Задача была интереснейшей, даже захватывающей, а бывшему солдату дипломатической службы времен Гражданской войны казалась такой же четкой, как геометрическое доказательство. Как последний, возможно, урок в его жизни, она была по-своему бесценна. Если воспитание не стоит на обеих ногах — теории и практике, — оно может только подвести, но Хей, пожалуй, лучше любого из своих современников владел и тем и другим, к тому же ни о чем, кроме политики, не думал.
Пожалуй, тут открывалась та вершина познания, какой только можно было достичь. Адамс имел возможность наблюдать своих наставников из правительственных сфер как раз в то время, когда правительство достигло вершин высочайшей активности и влияния. Начиная с 1860 года, несмотря на величайших учителей и огромнейшие затраты общества, делалось все мыслимое и немыслимое, чтобы научить их двоих — его и Хея — различать и понимать все пружины в механизме международных отношений; и весь политический аппарат нескольких великих держав служил лишь для того, чтобы снабжать их свежайшей и точнейшей информацией.
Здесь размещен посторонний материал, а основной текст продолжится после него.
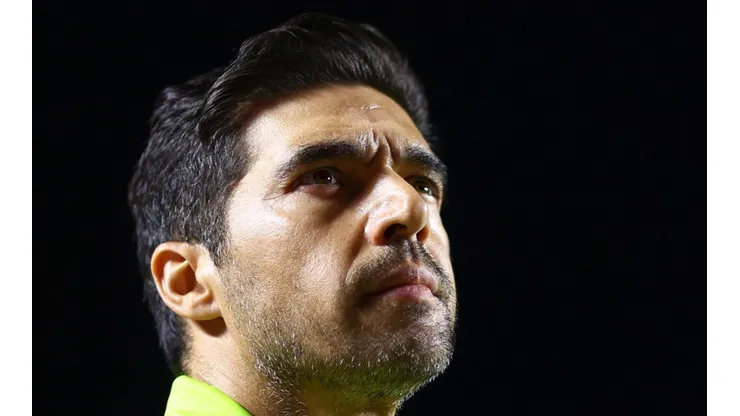Leila Pereira rasga elogios e expõe sobre renovação de Abel Ferreira; CONFIRA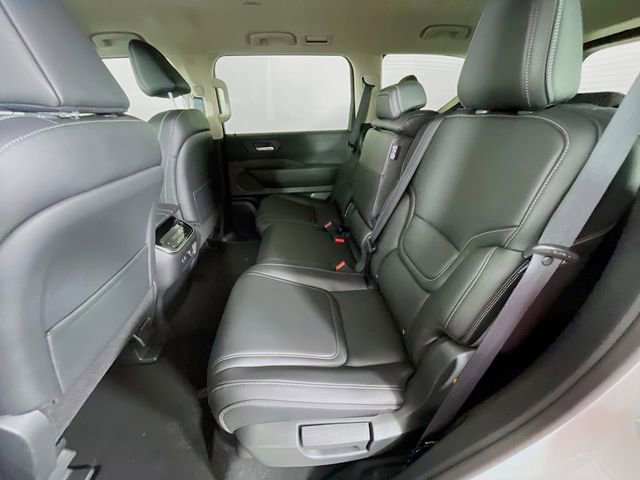 New 2026 Nissan Armada SV image 14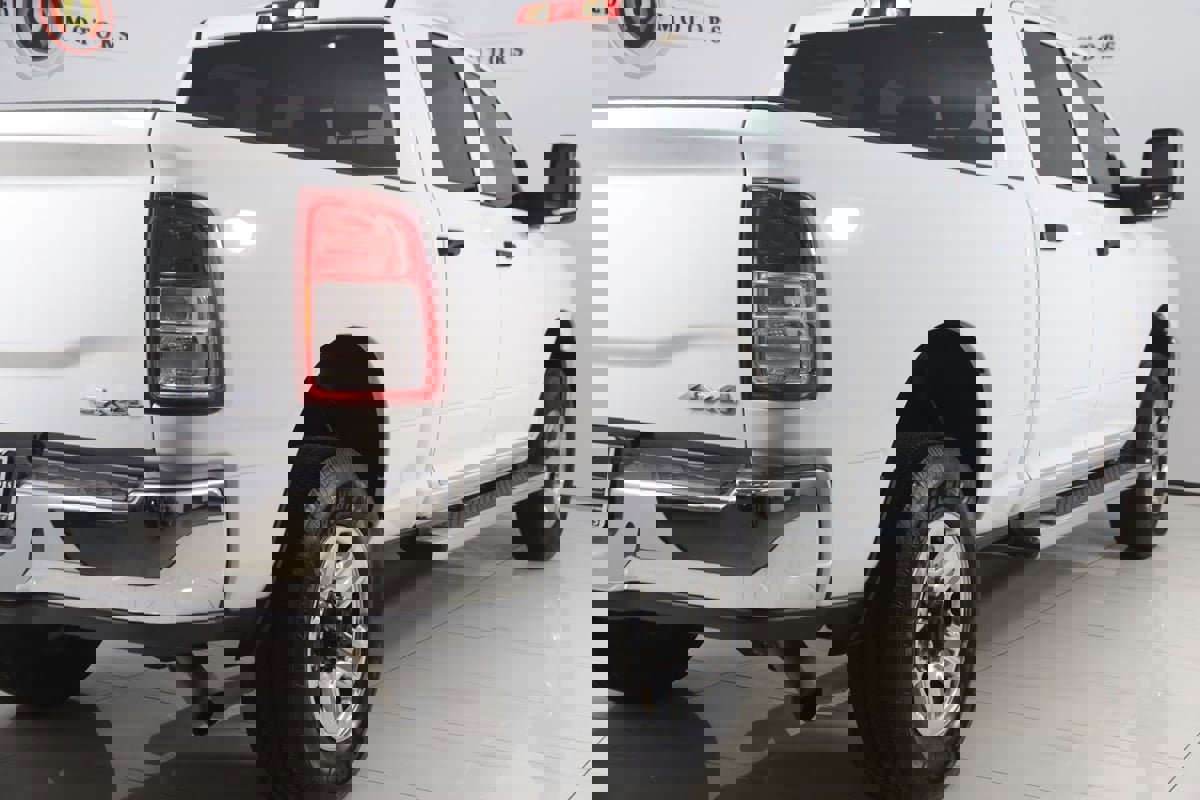 Used 2023 RAM 3500 Tradesman w/ Chrome Appearance Group image 40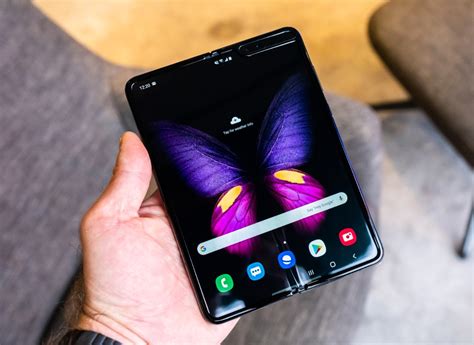 Samsung продала 1 миллион Galaxy Fold, аналитики в шоке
Больше в смысле воспитания и образования сделать было уже невозможно.
К тому, как это сказалось на Хее, Адамс не имел отношения, но на нем самом преподанные им обоим уроки сказались самым чудовищным образом. Никогда еще он не чувствовал себя таким полным, таким непоправимым невеждой. Казалось, он не знает ровным счетом ничего — блуждает во мраке проваливается в бездну, а что еще хуже — им владело убеждение, что никто ничего не знает. Его по крайней мере поддерживала механическая вера в ценность некоторых ориентиров, на которые он полагался, — скажем, относительная энергия так называемых «угольных» держав или относительная инерция «пушечных», хотя ему было ясно: знай он относительную цену каждому человеку, как знал сокровенные мысли собственного правительства — окажись и царь, и кайзер,[765] и микадо[766] добрыми наставниками, каким оказался Хей, и примись учить его всему, что знали сами, — он все равно ничего бы не знал. Потому что они и сами ничего не знали. И только уровнем их незнания мог он оценить меру своего собственного.